Chacun a ses mots pour dire qu’il n’est pas question dans les conditions actuelles de franchir dans l’autre sens le fleuve Naf qui sépare le Bangladesh de la Birmanie, où les Rohingya sont victimes depuis la fin de l’été 2017 d’une campagne de nettoyage ethnique. « Mieux vaut creuser un trou ici et nous y jeter vivants », se désole Dil Bahar depuis sa tente de fortune dans un camp de réfugiés devenu le plus étendu du monde. Son mari a été tué par l’armée le 25 août, au premier jour d’opérations militaires en représailles à l’attaque de postes de police et de gardes-frontières par un groupe d’insurgés de cette minorité musulmane victime de décennies de ségrégation.

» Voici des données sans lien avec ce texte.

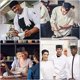 thumbnail image 4 of 3 gorros de chef, gorro de cocina ajustable, gorro profesional de catering, gorro de servicio de alimentos, gorro de malla transpirable de chef con parte superior plana, gorro unisex para cocina, res, 4 of 5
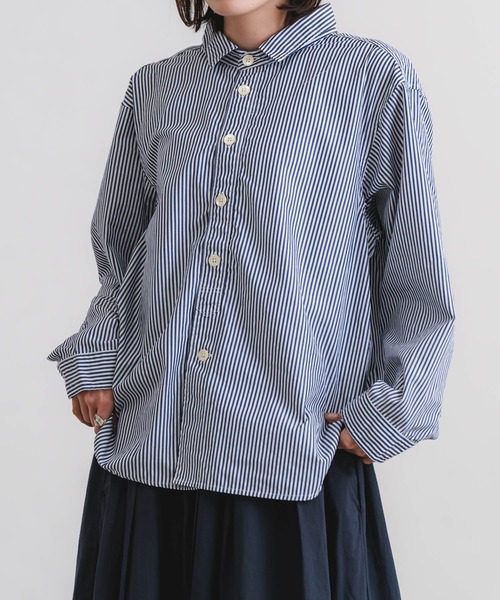 quadro（クオドロ）の「ブロードストライプ裾ダーツレギュラーシャツ（シャツ/ブラウス・レディース・その他1/その他2・FREE）」の19枚目の写真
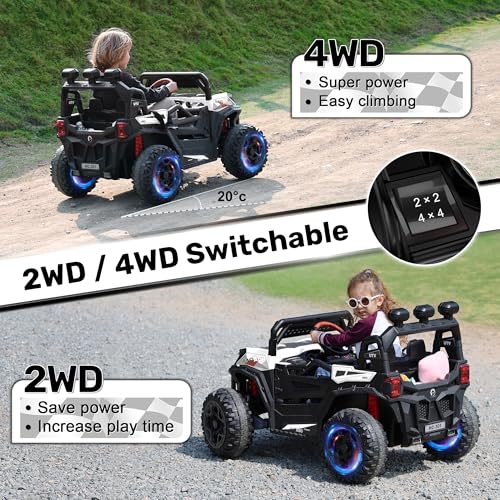 24V 4X4 Ride on Car Truck with Remote Control for Kids T395950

Leur village, Shilkali, a été entièrement brûlé. Les habitants ne parvenant à s’enfuir sur les collines environnantes ont été systématiquement abattus par balles ou brûlés vifs, enfermés dans des maisons. Les trois enfants d’une voisine ont été tués. L’un d’eux, Raisal, 5 ans, a été décapité. « Ici, les rations alimentaires sont minimales, mais nos vies ne sont pas menacées », dit Dil Bahar.

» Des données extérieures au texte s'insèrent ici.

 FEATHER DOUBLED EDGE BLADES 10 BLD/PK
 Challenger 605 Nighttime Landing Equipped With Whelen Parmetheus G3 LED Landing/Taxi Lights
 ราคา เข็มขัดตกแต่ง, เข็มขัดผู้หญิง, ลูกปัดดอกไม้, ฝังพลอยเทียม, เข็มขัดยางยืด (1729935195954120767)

Mais le Bangladesh, pays pauvre d’Asie du Sud, est déjà le plus densément peuplé de la planète derrière quelques micro-Etats. Pas question donc de laisser traîner l’affaire. C’est sans consulter les Rohingya que les deux pays ont signé le 16 janvier un accord prévoyant le rapatriement sous deux ans maximum des plus de 688 000 réfugiés arrivés ces cinq derniers mois.
Dès ce même jour, un groupe de « majhis », représentants traditionnels de la communauté, était convoqué par des officiels bangladais dans un bureau du camp de Kutupalong. Une heure durant, un responsable de l’armée a fait pression sur eux, leur ordonnant de rendre avant le 21 janvier une liste exhaustive des familles sous leur autorité. Selon trois des convoqués, chacun devait trouver dix foyers acceptant le rapatriement sur la centaine dont il est responsable. L’un d’eux se vit retirer ses coupons alimentaires juste pour la journée, pour l’intimider.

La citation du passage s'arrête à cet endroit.